Gerhard Bäurle schrieb:


> Hallo Frank,
> 
> wenn Du ein paar tausend Euro in einen neuen
> *Badezimmerspiegel* investierst, kannst Du auch
> während dem Zähneputzen ins Forum ...



Das Teil kenne ich, habe aber leider noch keinen Sponsor
auftreiben können - Freiwillige Vortreten! 

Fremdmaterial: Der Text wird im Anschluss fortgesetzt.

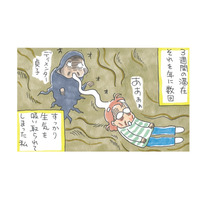 ペットロス、うつ病…苦難に見舞われる私に、さらに姑の家の売却問題が持ち上がる！【アラカン主婦の毒吐き日記～貞子バーバはめんどくさい～ #５】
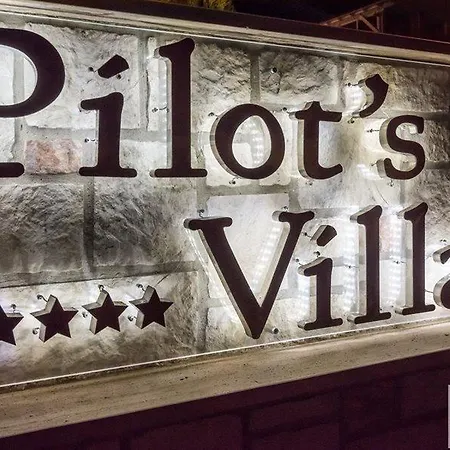 Pilot's Luxury Апарт-отель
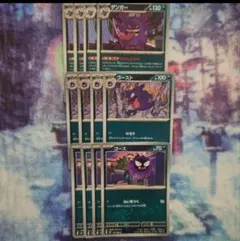 ポケカ ムニキスゼロ ゴース ゴースト ゲンガー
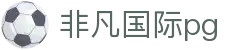 非凡国际pg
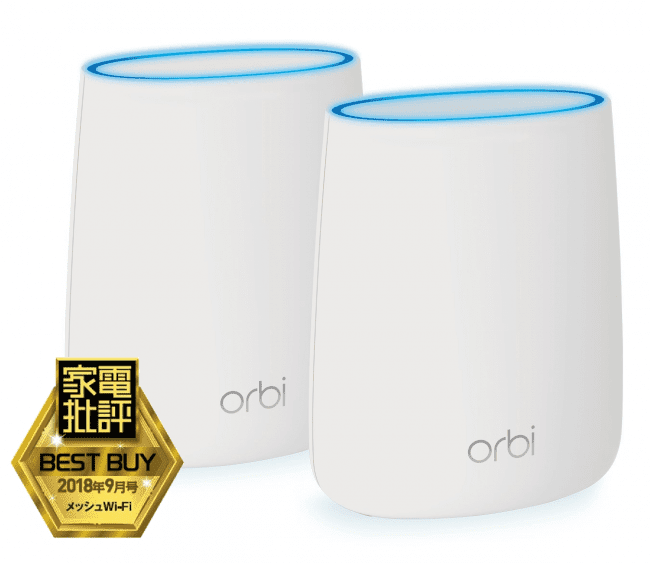 Orbi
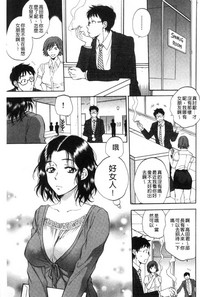 第98頁圖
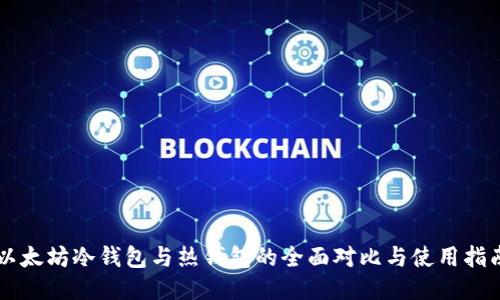 以太坊冷钱包与热钱包的全面对比与使用指南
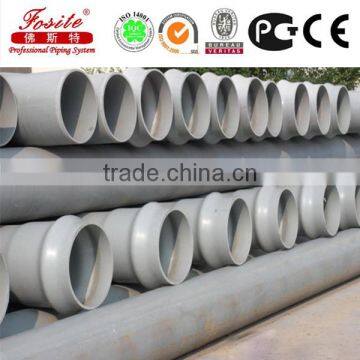 PVC plastic water supply large diameter pvc pipe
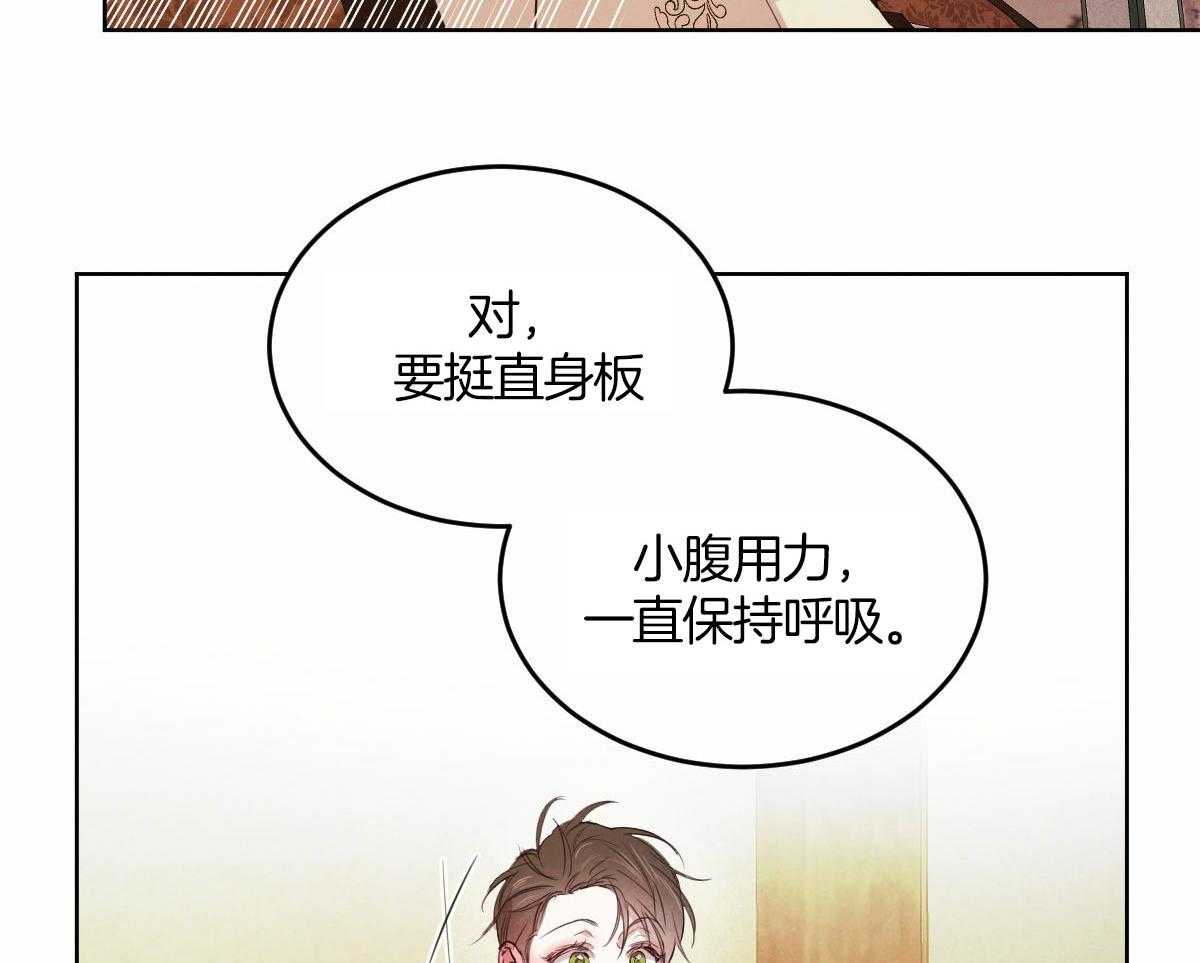 《皇家罗曼史（共3季）》漫画最新章节第136话_被支走免费下拉式在线观看章节第【30】张图片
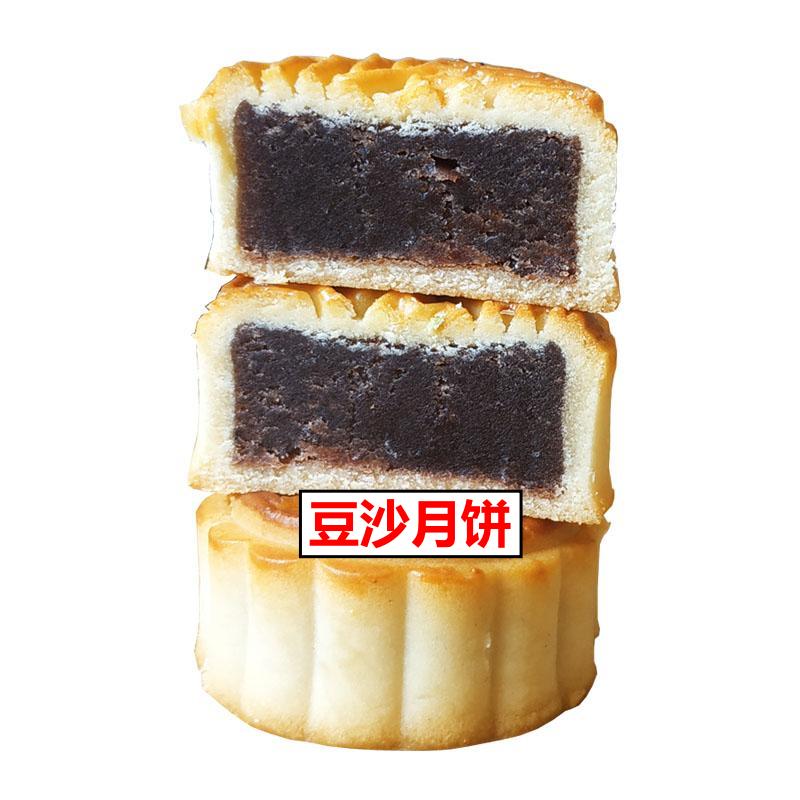 小月饼散称老式五仁凤梨水果味混发中秋多口味月饼500g/袋-重庆市消费帮扶馆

In ein paar Jahren gibt es dann "Terahertz-Mind-Control".
Dann braucht es weder Touchscreen noch Tastatur.

Frank


----------



## Jochen Kühner (27 Februar 2011)

SPSKILLER schrieb:


> Wie machst du das?
> Ich kann mit dem iphone keine Codefenster scrollen!?
> Gibts da nen Trick für?



Also mit 2 Finger direkt nebeneinander sollte das gehen!


----------



## SPSKILLER (27 Februar 2011)

Cooler Tip, Jochen. Danke


----------



## thomass5 (28 Februar 2011)

so, hab jetzt im Kontrollzentrum den Editor auf einfach umgestellt und kann nun mit meinem Samsung auch mobil Beiträge verfassen. Kaum macht man es richtig schon gehts


----------